=== What the task asks ===
In the records below, find the line holding "4309-SF BLK-BLK-SD 12"; copy it and every line after it to the end, omitting all images.

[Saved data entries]
-- -- --

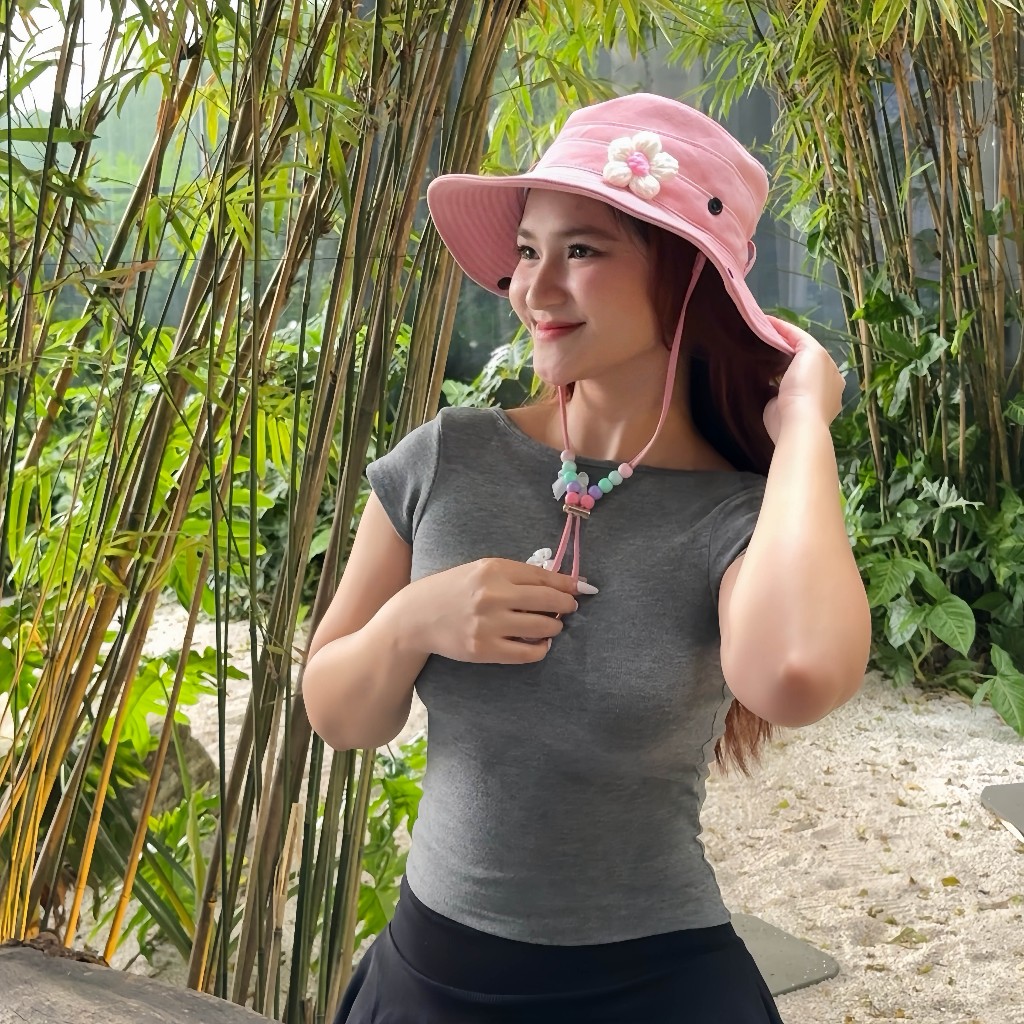 Mũ Nón Bucket CAO BỒI PHỐI HẠT - Dây có thể tháo rời hạt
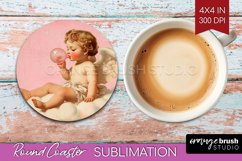Valentine Angel Round Coaster - Cupid Coaster PNG Product Image 1
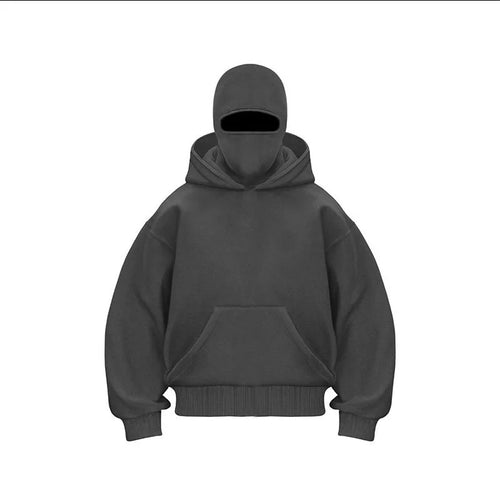 2025 Hot New Men's Balaclava Hoodies Half Zip Up Pullover Double Hooded Fleece Sweatshirt Unisex Fall Winter Outfits For Men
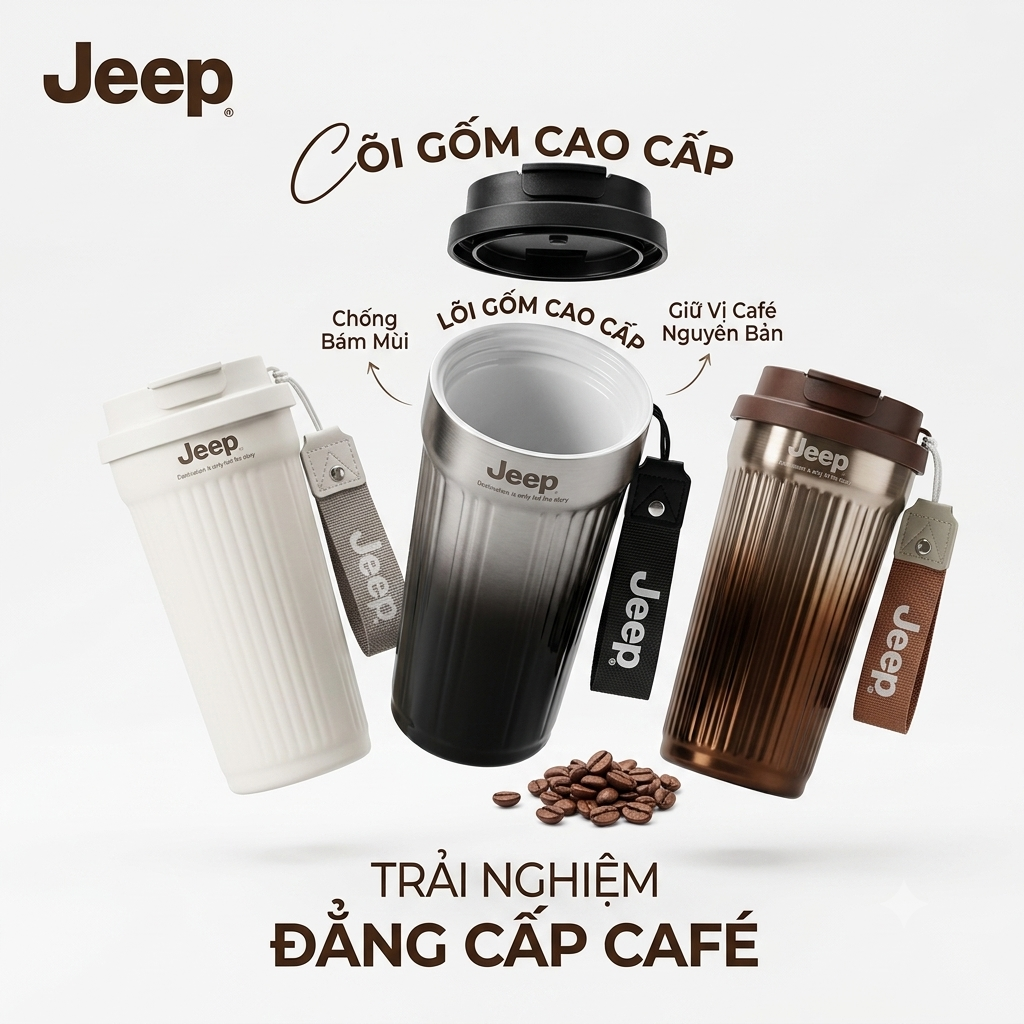  Bình / cốc giữ nhiệt cao cấp Jeep 550ml, ruột inox 316 phủ gốm Ceramic ( màu random)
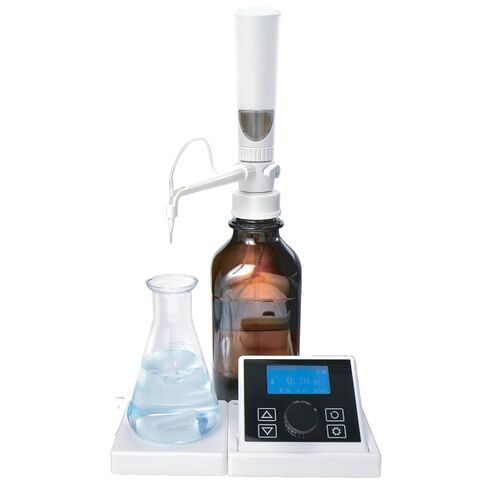 Digital Bottle Top Dispenser, Electronic Titrator, 0.01-99.99ml Adjustable Volume, 16 Gears Rate Adjustment, Data Transfer and Storage, Brown Bottle Not Included in Kuwait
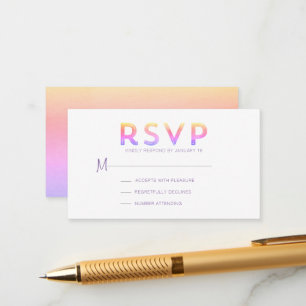 D'accompagnement Carte de boîtier RSVP moderne à dégradé rose solei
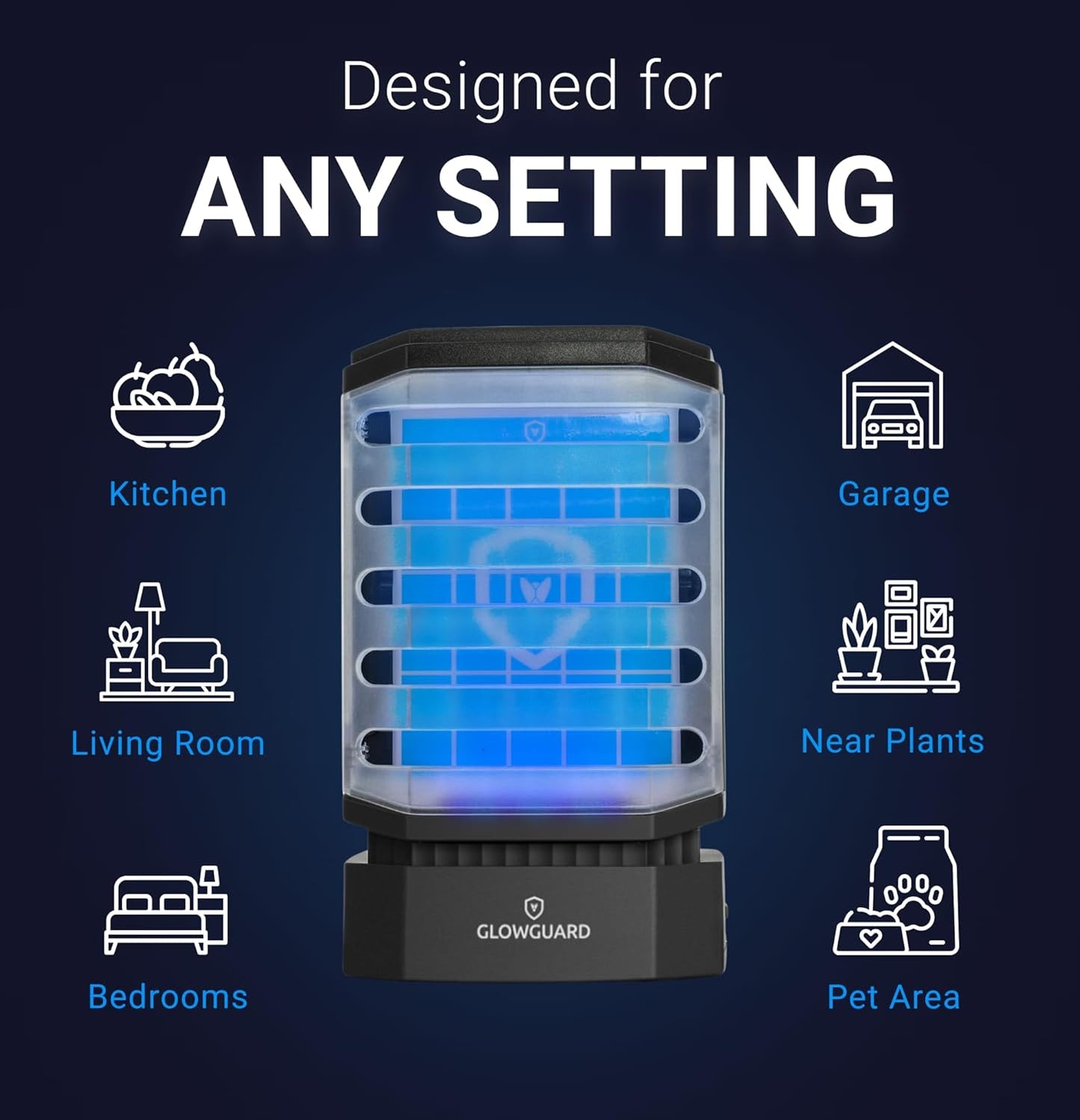 GlowGuard Cordless Flying Insect Trap Catches Fruit Flies, Indoor Gnat Killer, Magnet for Moths & Mosquitos in Dark, 1 Rechargeable Trap + 4 Dual-Sided Sticky Pad Refills, 30Hr 5000mAh Battery (Black)-VerdiqueGarden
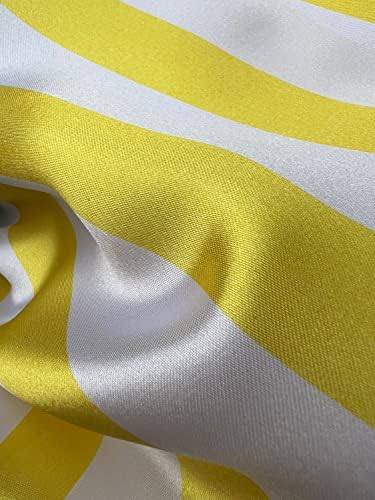 Жълто-Бяла кърпа Catalina на модел в 1 ивица от Полиестер, Лесна Сатен Плат Двор - 10082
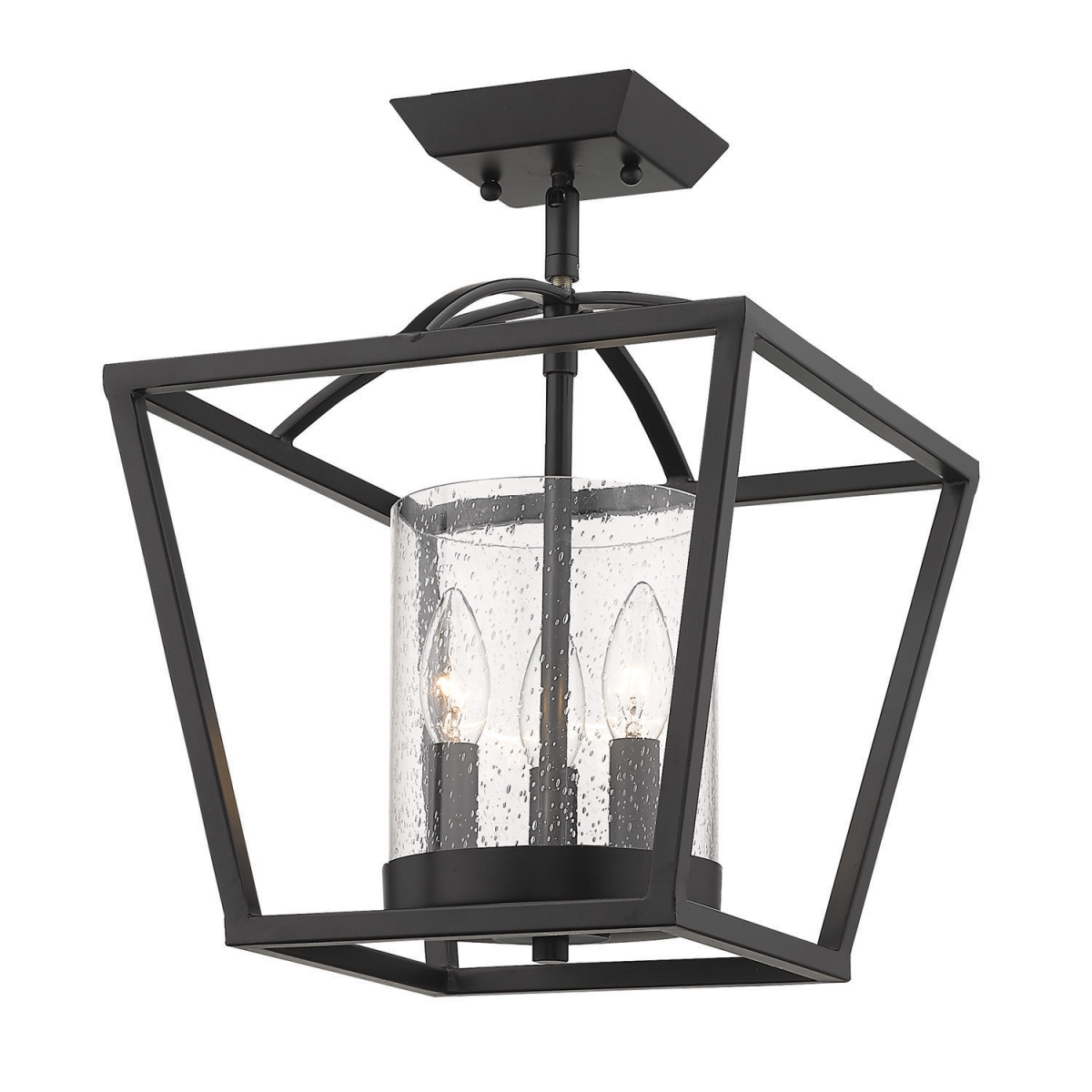 4309-SF BLK-BLK-SD 12 in. Mercer 3 Light Matte Black Semi-Flush Pendant Ceiling Light -  Golden Lighting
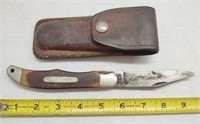 Vintage Old Timer Pocket Knife and Leather Case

-- -- --

=== Response area ===
 4309-SF BLK-BLK-SD 12 in. Mercer 3 Light Matte Black Semi-Flush Pendant Ceiling Light -  Golden Lighting
 Vintage Old Timer Pocket Knife and Leather Case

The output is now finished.